Postal Service decision sensible
I agree with the U.S. Postal Service decision to reduce expenses by eliminating one delivery day per week.
As a recent Times article stated, the service faces incredible competition from various sources, not the least of which are the Internet, United Parcel Service and Federal Express.
UPS and FedEx get to cherry pick the most profitable business, while the USPS must deliver to almost everywhere on the map. This makes for a very challenging, if not impossible, business model for financial success.
I would even be in favor of limiting home delivery to four days per week. Why not? However, please leave Saturday delivery in the equation. Many families pay their bills on the weekend, and enjoy and respond to other mail.
Why not follow the example of the neighborhood barber and stop delivery on Mondays? Monday is usually a light mail day anyway. Keep Saturday delivery.
As to my four-day-per-week formula? Why not Monday, Wednesday, Friday and Saturday?
Common-sense gun reductions
Simply put, more guns equal more gun-related deaths.
Look at what Australia has accomplished with its gun control laws. Let your voice be heard less the gun manufacturers decide the current gun control issue.
Via their NRA mouthpiece, manufacturers
While we cannot eliminate all gun risks, we can certainly reduce these risks using common sense and learning from others.
Bridge toll abomination?
The Golden Gate, Bay, San Mateo, Benicia and Martinez bridges were built using constructions bonds that were stated to be paid by collecting tolls.

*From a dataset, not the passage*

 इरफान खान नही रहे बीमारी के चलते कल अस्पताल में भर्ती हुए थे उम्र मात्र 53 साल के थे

What then is the real justification for collecting tolls when bonds are paid?
Particularly when current 60% of our relatively high gas taxes are earmarked for highway and bridge construction.
California gas tax of 67 cents per gallon is well above national average of
49 cents and exceeded only by New York at 69 cents.

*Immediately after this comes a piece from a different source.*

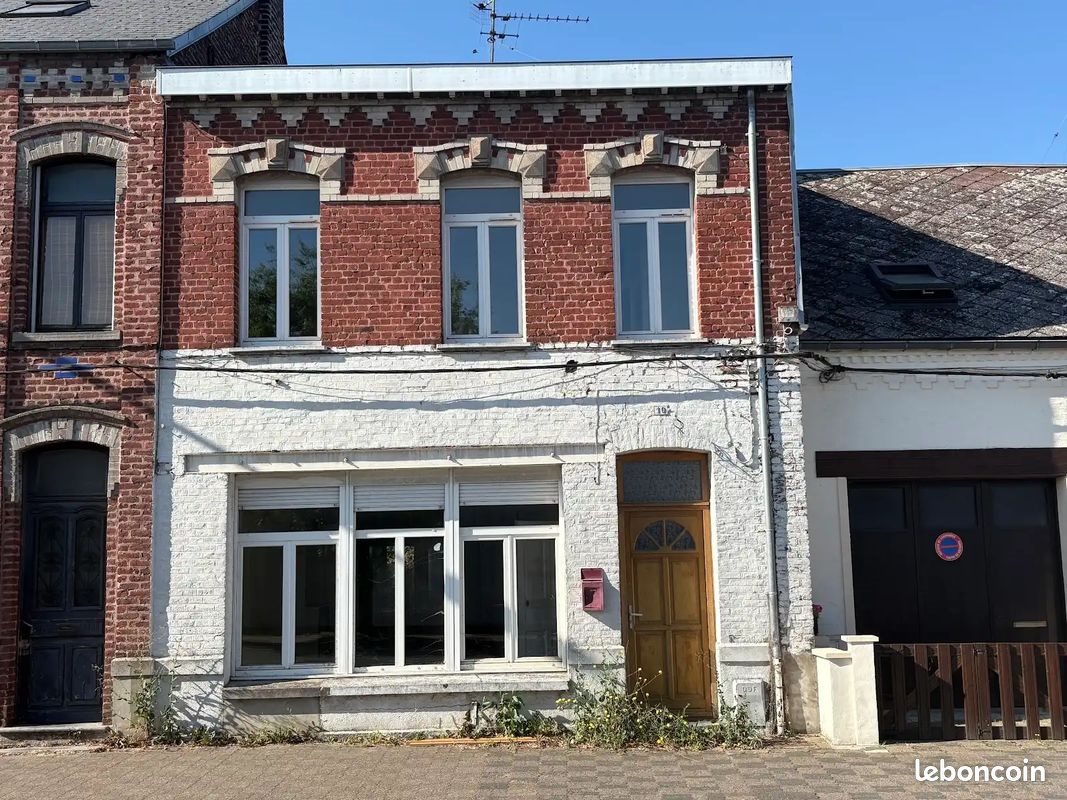 Maison à vendre, 132m², Caudry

Toll collections in any manner only create unnecessary delays and more "tax collectors".
The proposed new "Pay-by-plate" for the Golden Gate Bridge is not the solution.
Just like FasTrak it will just transfer costs to backroom jobs and increased confusion for residents and visitors alike.
Paul W. Van Etten
Proposed Safeway is not needed
This is regarding the proposed development, The Orchards at Walnut Creek. If another Safeway superstore and other stores are built in the area of Ygnacio Valley and Oak Grove roads, there will be no more orchard, prairie dogs, or open space left in our neighborhood.
The last thing this town needs is more shopping areas. Create a nice open-air educational center surrounded by trees and shrubs to block out traffic noise. Build an elevated walkway over Ygnacio and update the existing Encina Grande Shopping Center.
I am a power wheelchair user and I prefer to shop at Encina because I can go there in my wheelchair. I usually see other wheelchair users at Encina, too. Traffic on the back roads is not a problem.
We like our Safeway the way it is. The city claims the new center will create jobs. If the Safeway at Encina closes, the small businesses already there will close. People will lose jobs.
And what about the traffic? That's just what Ygnacio Valley and Oak Grove roads need -- more traffic! Leave the prairie dogs alone.